Carlo Lissi, durante la sua prima confessione ha dato una versione diversa dei fatti: “Pensavo di aggravare la mia situazione e non vedere più nessuno, nemmeno i miei genitori”.
La domanda che tutti si sono chiesti è sui figli del perchè li ha uccisi cosi freddamente: “In quel momento non volevo che soffrissero senza il padre e la madre perché li amavo troppo. Però non riesco a spiegarmi neanche io…”. Davanti allo psichiatra racconta del suo rapporto con Cristina: «L’ho conosciuta nel 2003, lei era in un gruppo teatrale dove avevo l’incarico di sistemare le luci. Non ho avuto difficoltà per la differenza d’età. Anzi allora ti sentivi figo con una più grande”.
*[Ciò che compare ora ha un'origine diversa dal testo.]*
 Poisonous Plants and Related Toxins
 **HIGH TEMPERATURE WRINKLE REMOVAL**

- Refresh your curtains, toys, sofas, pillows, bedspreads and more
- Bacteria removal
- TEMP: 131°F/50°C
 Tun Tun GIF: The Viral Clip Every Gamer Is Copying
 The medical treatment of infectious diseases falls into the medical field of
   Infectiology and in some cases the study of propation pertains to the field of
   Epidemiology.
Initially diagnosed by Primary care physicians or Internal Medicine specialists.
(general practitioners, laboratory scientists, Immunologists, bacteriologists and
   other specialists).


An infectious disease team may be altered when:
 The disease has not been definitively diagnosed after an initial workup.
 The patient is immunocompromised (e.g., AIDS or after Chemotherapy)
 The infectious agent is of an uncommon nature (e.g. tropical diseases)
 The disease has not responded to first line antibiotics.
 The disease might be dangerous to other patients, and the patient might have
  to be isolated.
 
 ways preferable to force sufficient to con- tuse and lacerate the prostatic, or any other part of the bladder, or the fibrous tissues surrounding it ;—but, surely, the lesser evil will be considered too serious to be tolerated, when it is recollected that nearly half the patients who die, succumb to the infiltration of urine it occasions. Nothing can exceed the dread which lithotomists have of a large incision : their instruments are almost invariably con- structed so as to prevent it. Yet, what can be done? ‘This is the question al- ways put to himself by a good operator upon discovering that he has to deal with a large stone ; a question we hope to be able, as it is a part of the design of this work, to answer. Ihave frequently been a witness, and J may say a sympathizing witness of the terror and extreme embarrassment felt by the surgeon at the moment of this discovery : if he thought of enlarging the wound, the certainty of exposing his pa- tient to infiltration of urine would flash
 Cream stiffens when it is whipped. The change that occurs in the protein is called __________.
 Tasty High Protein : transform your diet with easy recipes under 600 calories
“In casa portava lei i pantaloni. Non mi faceva mancare niente ma da parte sua c’era poco coinvolgimento sessuale. Vedevo che tutti i miei amici uscivano e si divertivano, io invece facevo sempre meno cose. Non ero convinto di sposarmi”.
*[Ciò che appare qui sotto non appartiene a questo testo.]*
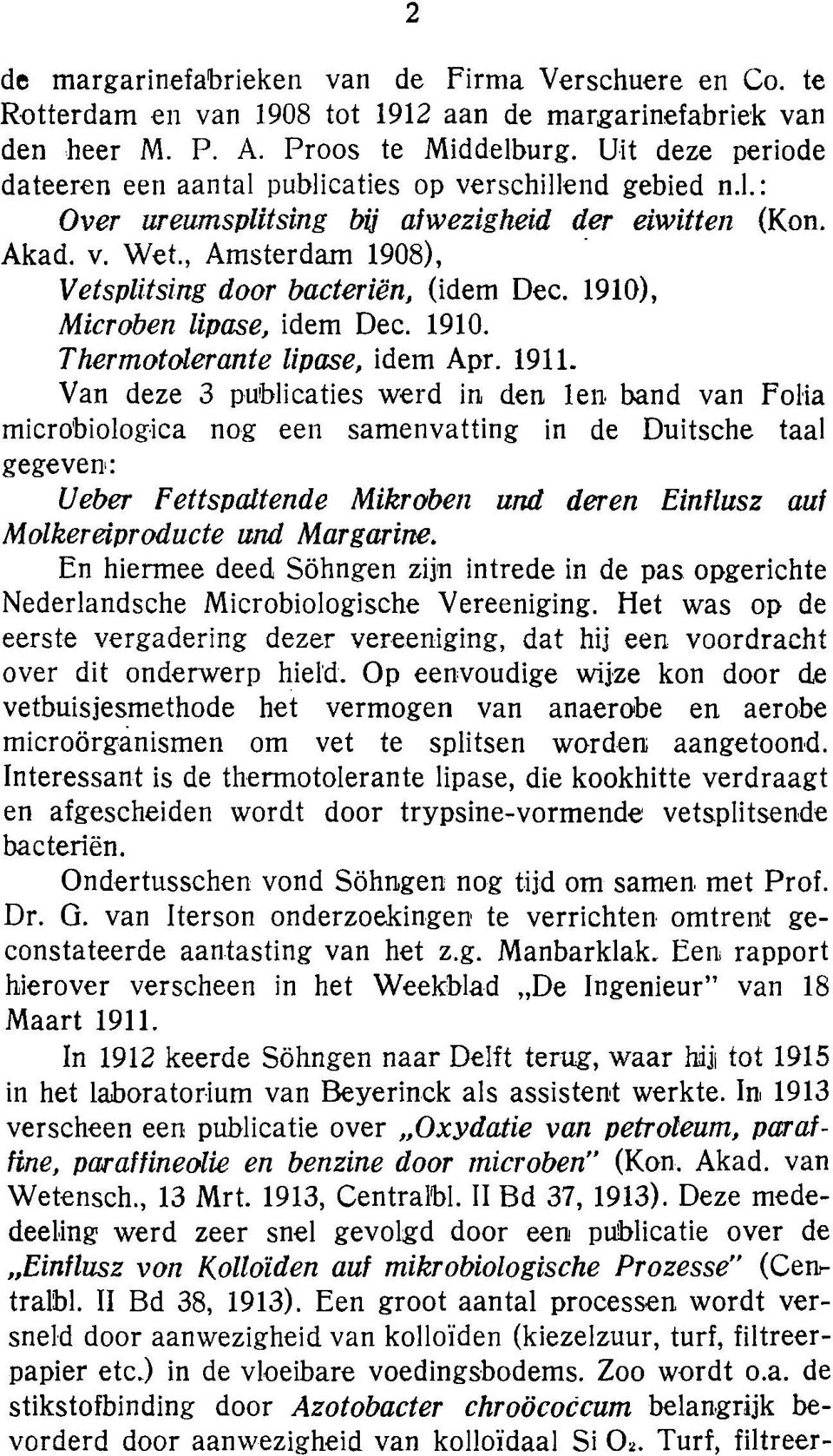 , Amsterdam 1908), Vetsplitsing door bacteri~n, (idem Dec. 1910), Microben lipase, idem Dec. 1910. Thermotolerante lipase, idem Apr. 1911. Van deze 3 publicaties werd ir~ derl len. band van Fol.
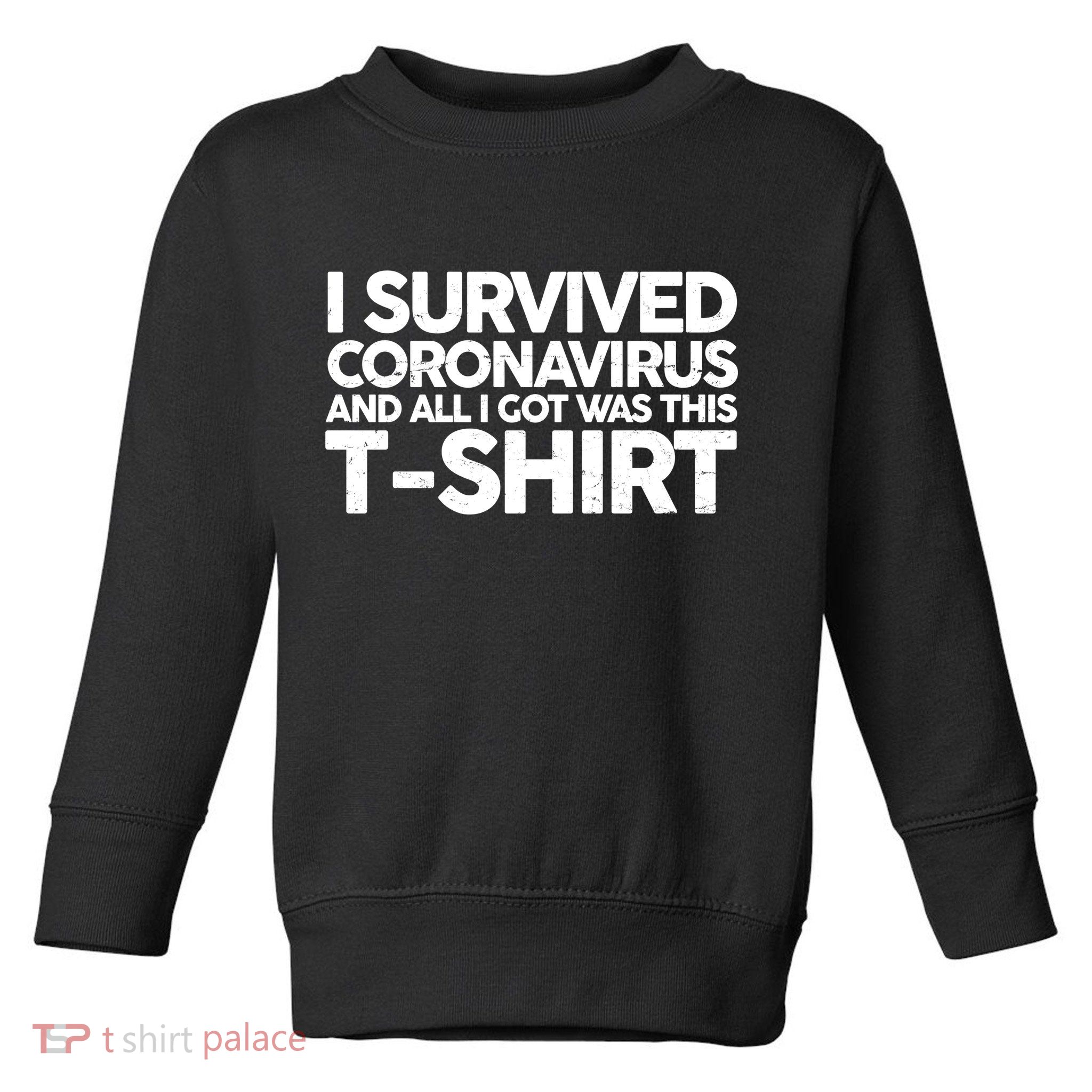 I Survived the Coronavirus and All I Got Was This Toddler Sweatshirt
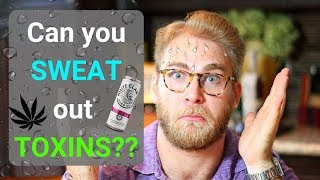 Can you REALLY sweat out TOXINS?? The TRUTH about sweating...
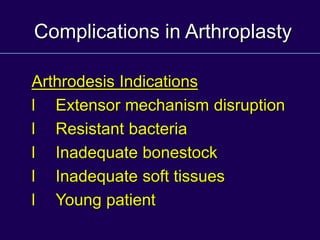 Complications in Arthroplasty
Arthrodesis Indications
l Extensor mechanism disruption
l Resistant bacteria
l Inadequate bonestock
l Inadequate soft tissues
l Young patient
 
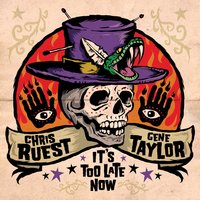 It's Too Late Now - Chris Ruest & Gene Taylor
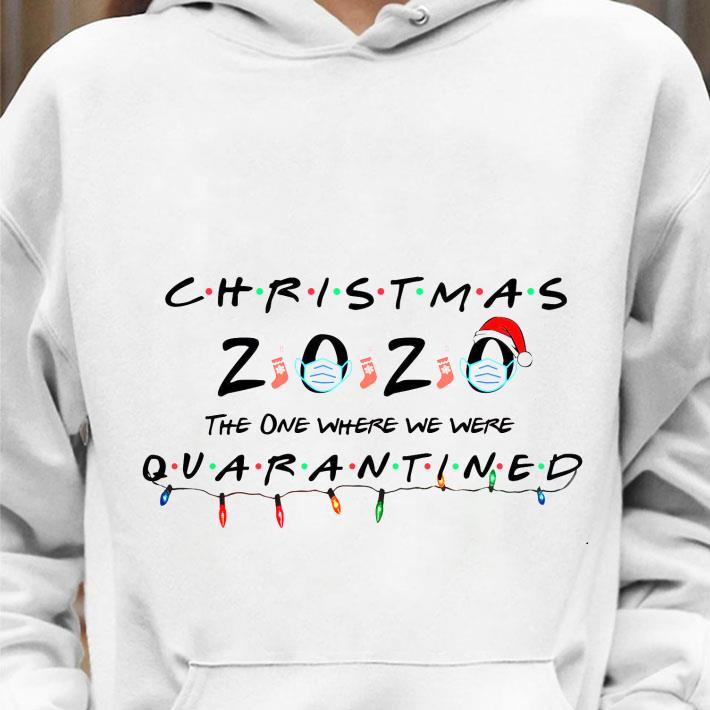 70545212 christmas 2020 the one where we were quarantined coronavirus shirt 4 - Christmas 2020 the one where we were quarantined Coronavirus shirt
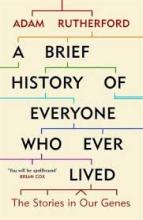 A Brief History of Everyone Who Ever Lived - The Stories in Our Genes - Rutherford, Adam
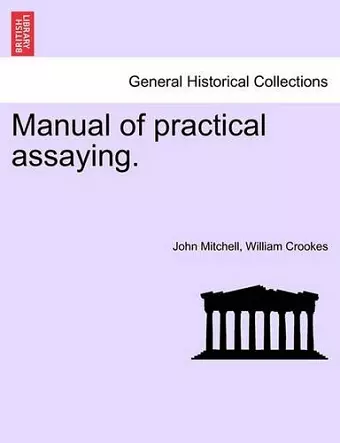 Manual of practical assaying. cover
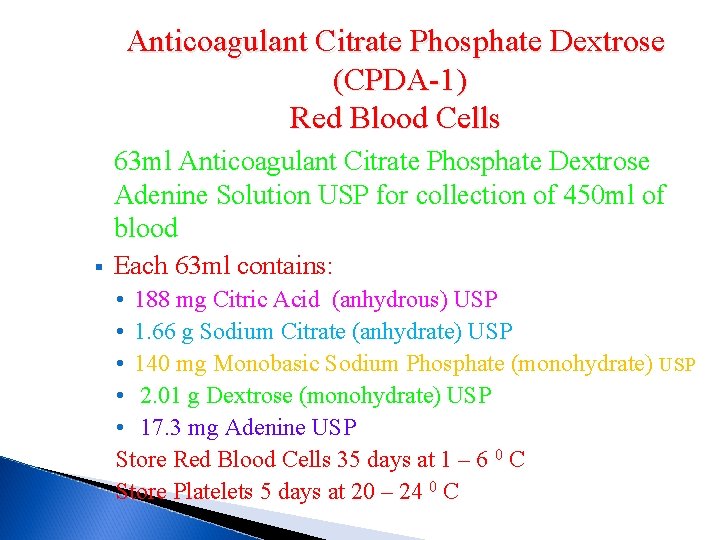 Anticoagulant Citrate Phosphate Dextrose (CPDA-1) Red Blood Cells § 63 ml Anticoagulant Citrate Phosphate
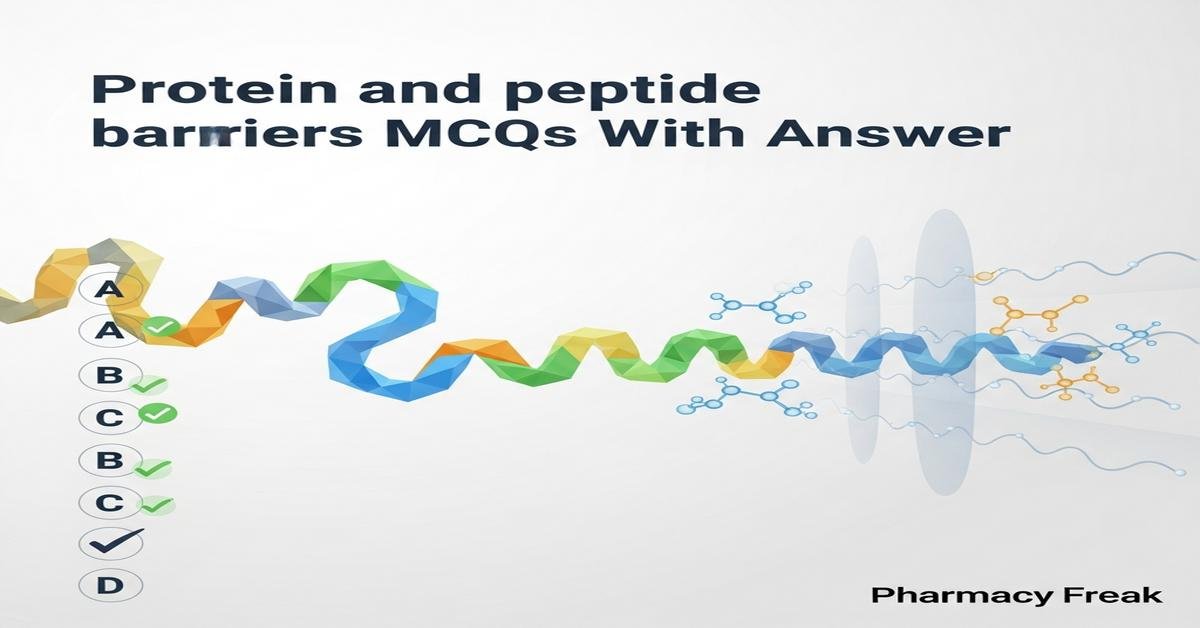 Protein and peptide delivery barriers MCQs With Answer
Ha distrutto una famiglia il perito informatico Carlo Lissi, ed ora è in carcere e ci resterà per sempre. L’assassino è stato condannato all’ergastolo ed ha rinunciato al processo d’appello. In prigione ci resterà per sempre.
“Ho rinunciato all’appello perché ritengo congruo l’ergastolo inflittomi”. Ha chiuso cosi questa triste vicenda dopo la condanna Carlo Lissi. La conclusione della strage di Motta Visconti che ha sconvolto l’Italia intera. Un uomo che non si è accontentato di trucidare con molte coltellate la moglie di cui non era più attratto, sia fisicamente che sentimentalmente. Ha buttato la sua vita e quella dei suoi figli sgozzati come un vero serial killer.
Davanti al pm Giovanni Benelli che gli chiese se non fosse stato meglio divorziare, Lissi rispose: “Il divorzio non avrebbe risolto, perché i figli sarebbero comunque rimasti”.